Las y los profesores de las universidades públicas no son funcionarios públicos educados para el silencio y la sumisión; no importa la índole de su especialización en algún rincón de una ciencia, su acumulado de conocimiento no es patrimonio de exclusiva y restringida circulación en las franjas horarias de los cursos semestrales asignados. Tienen la obligación de hacer circular ese conocimiento por fuera del claustro universitario, de resignificarlo en los momentos que la sociedad se debate en torno a asuntos básicos de la existencia. Para los científicos de las ciencias humanas y sociales, está claro que no es la primera vez que la sociedad humana está sometida a los desastres de la peste; no es la primera vez que el ser humano expresa su temor y su indignación ante la enfermedad, la muerte, la ruina y la pobreza. No es la primera vez que la sociedad cuestiona las fórmulas de la representación política. Un científico de las ciencias humanas y sociales, adscrito a cualquier universidad pública, debería partir de esas elementales certezas para tratar de decirles algo a los grupos humanos que hoy están discutiendo las premisas del funcionamiento de la vida pública en Colombia. Hacerlo es un deber de científico, de humanista y de funcionario público.

Dejemos esto en claro para empezar a decir algo acerca de lo que la universidad pública puede proponerle a la sociedad colombiana en esta encrucijada tan difícil, con o sin licencia de la mordaza de los colegas que, si acaso, saben contemplar los vitrales de las catedrales góticas de Europa.
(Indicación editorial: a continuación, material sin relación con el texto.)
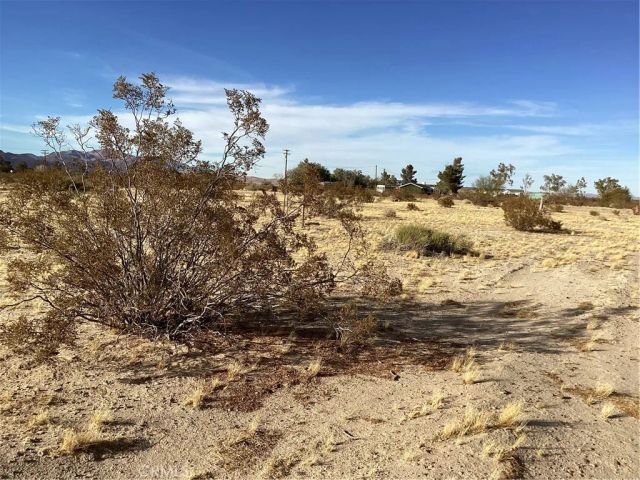 42979 Mandril, Newberry Springs, CA 92365
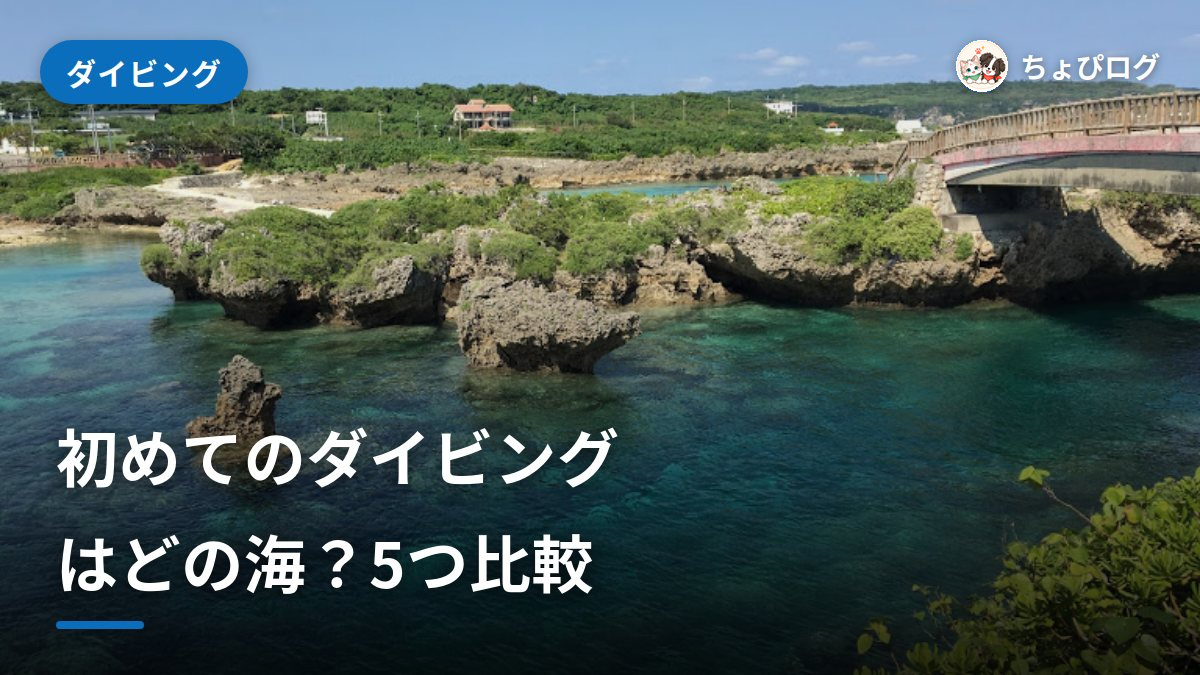 初めてのダイビングはどの海？5つの海を正直に比べたのサムネイル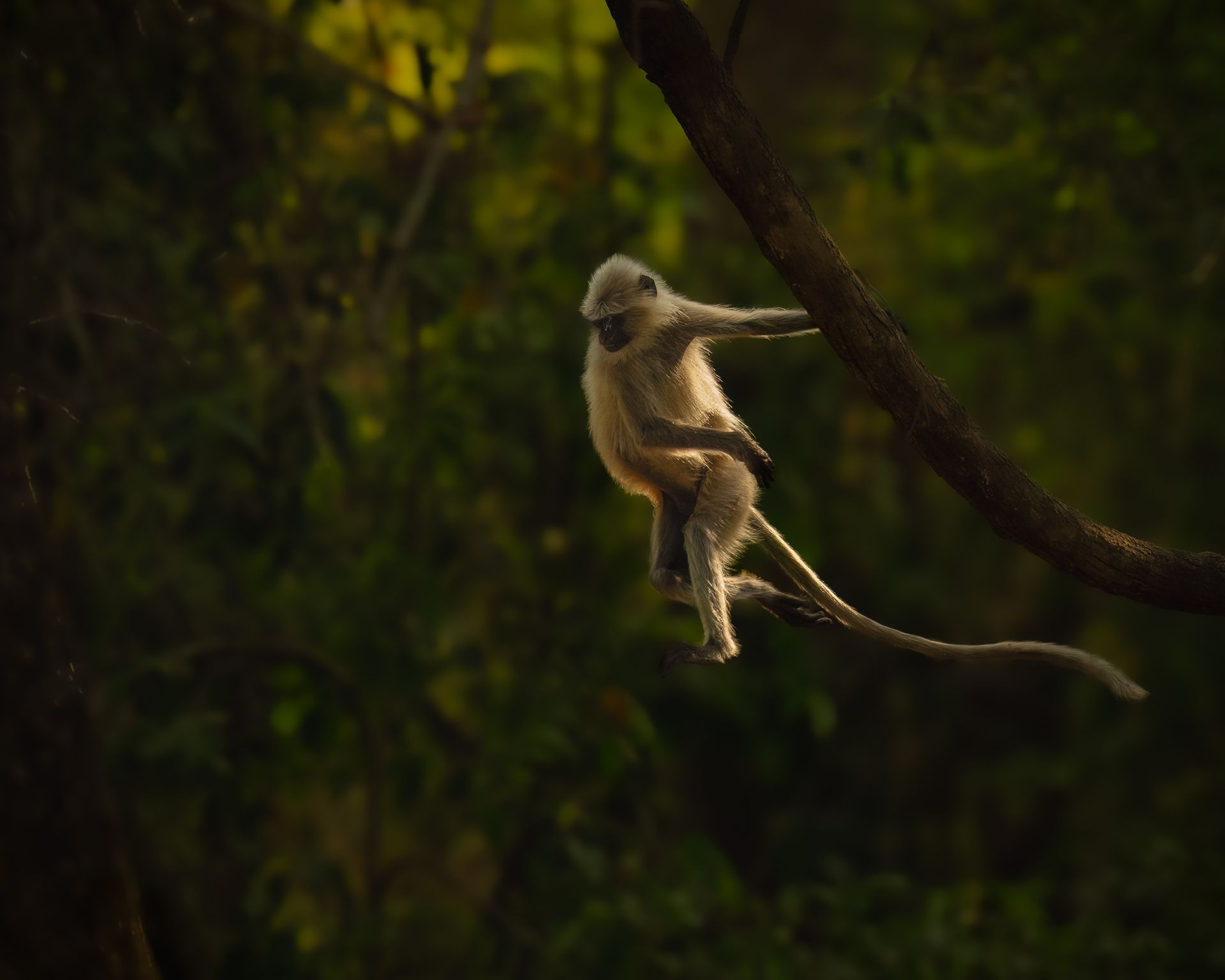 Small monkey perched on a tree branch in a dark green forest.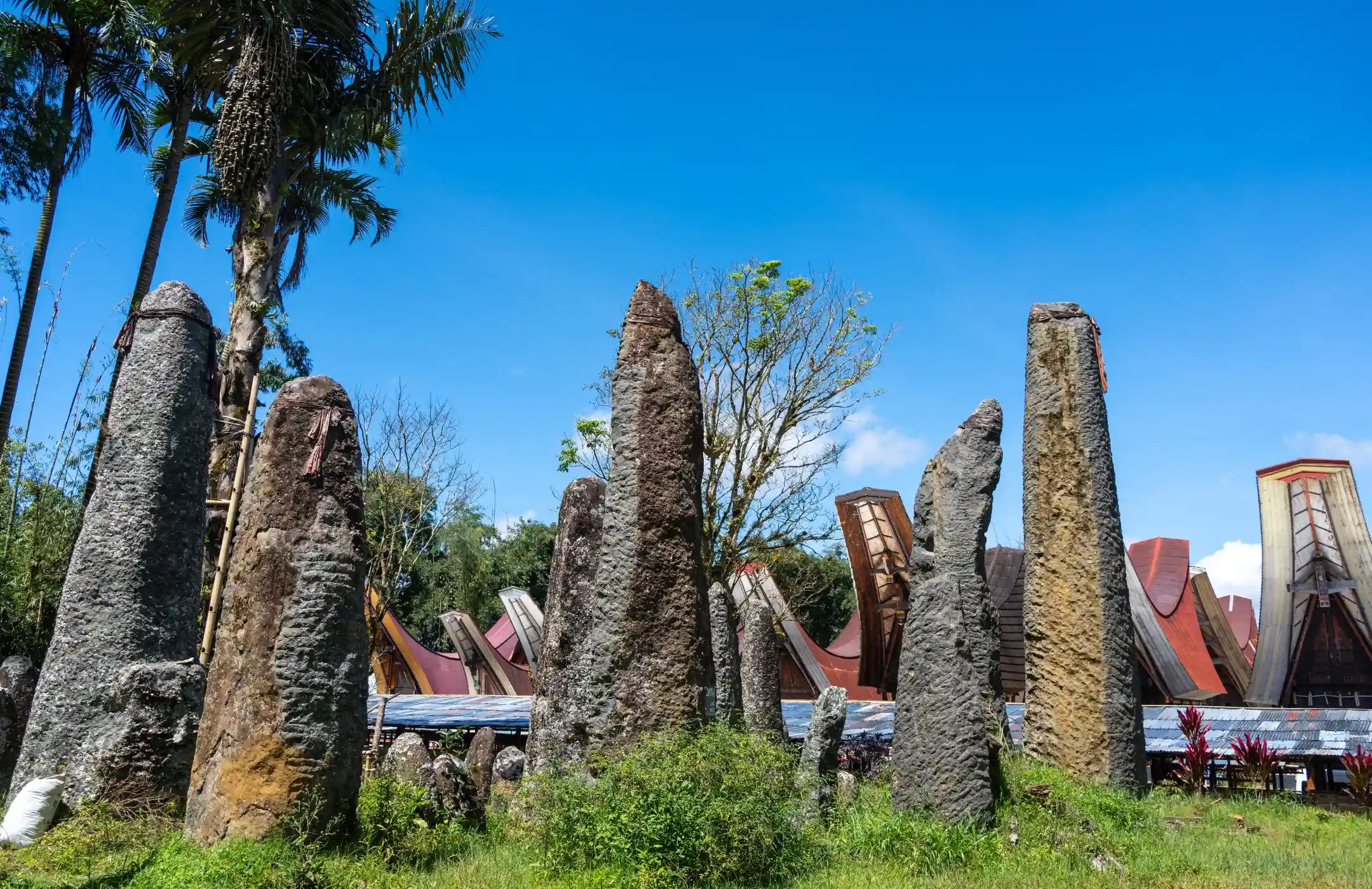 Toraja Nature & Culture Escape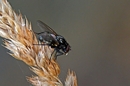Fotos_Fliegen, Mücken, Schnaken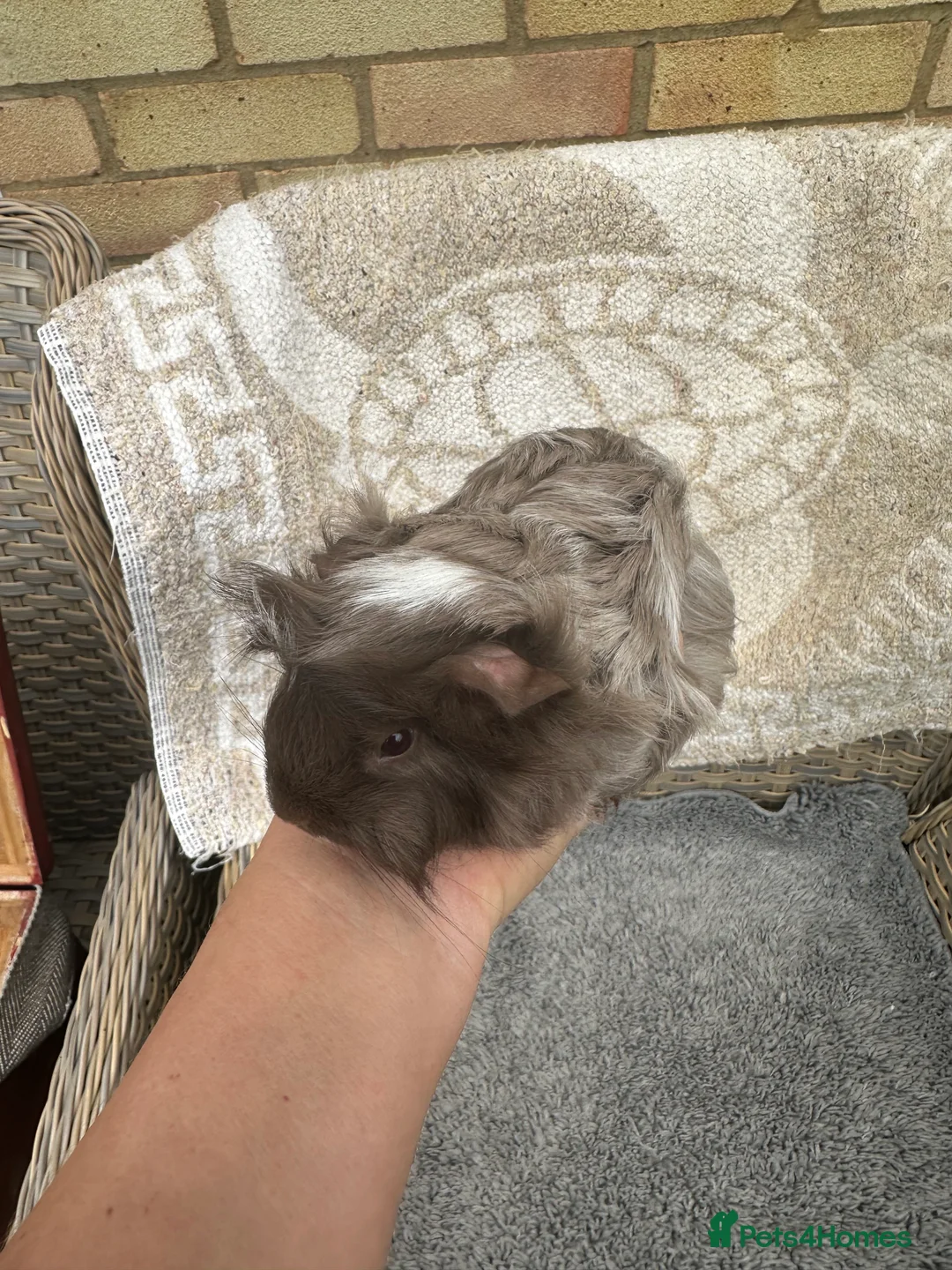 Guinea Pig rodents for sale: 2 long haired baby Peruvian boy guinea pigs. - Advert 14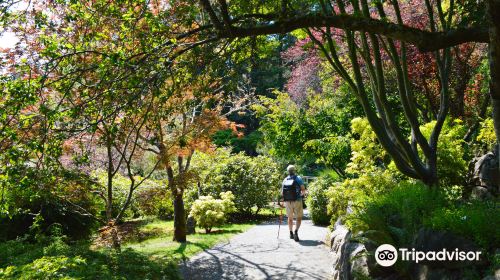 Japanese Garden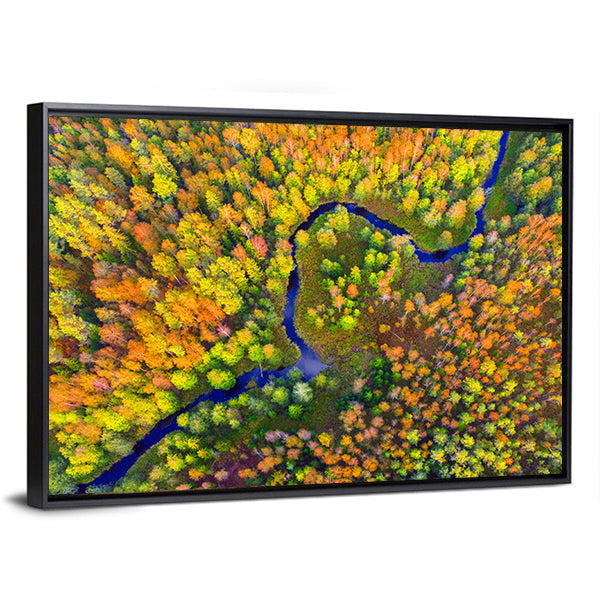 River In Autumn Forest Canvas Wall Art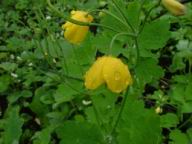 DSCF6714.JPG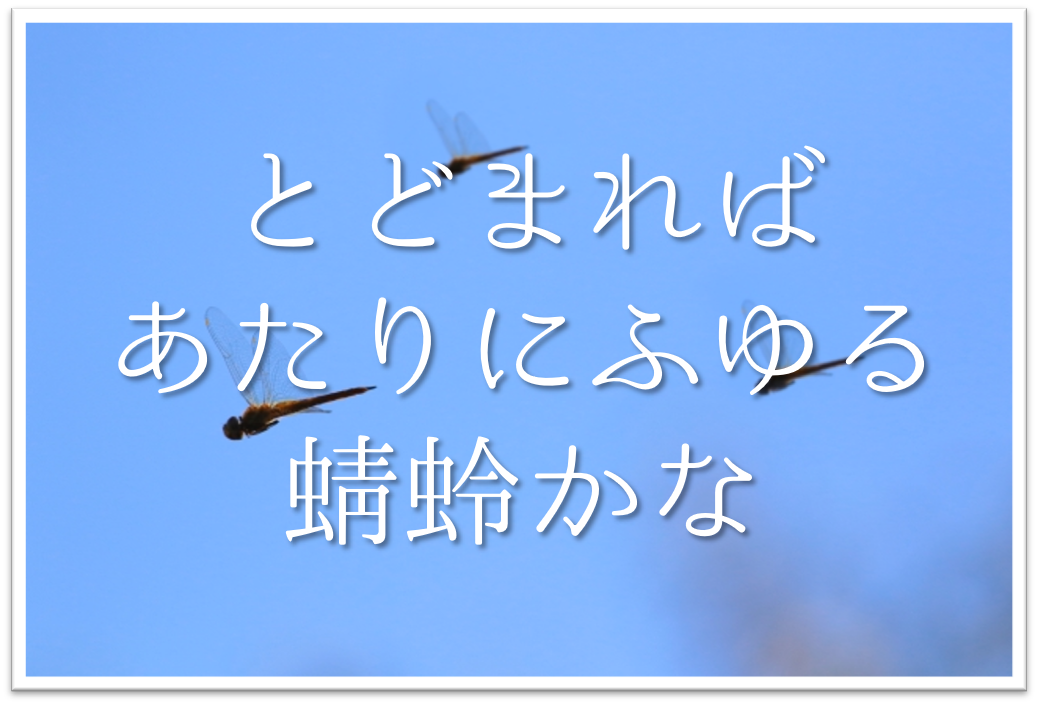 とどまればあたりにふゆる蜻蛉かな 俳句の季語や意味 表現技法 鑑賞文 作者など徹底解説 俳句の教科書 俳句の作り方 有名俳句の解説サイト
Pintado en la Pared No. 230.    

1 comentario:

  1. El título de este blog me trae recuerdos de la abuela: fulano de tal “no es cualquier pintado en la pared”, luego, los demás sí lo somos, “estamos pintados en la pared”… Más que pensar en estos históricos discursos de segregación, cotidianamente reproducidos, las palabras recogidas en “Memoria de la peste” nos invitan a mirar más allá. Cumplen su papel de producción de conocimiento, inspiran, y sobre todo, llaman la atención sobre el compromiso ético y político (que suele ser tan banalizado en esferas políticas y académicas) de quienes hemos decidido (pese a múltiples dificultades tangibles e intangibles, con o sin privilegios) construirnos como científicos sociales, sin olvidar nuestras raíces, nuestra humanidad, nuestra capacidad para recuperar la esperanza con solidaridad, afecto y unidad desde la diversidad y la adversidad compartida (tal como lo han demostrado las primeras líneas). Retos grandes, pero no imposibles.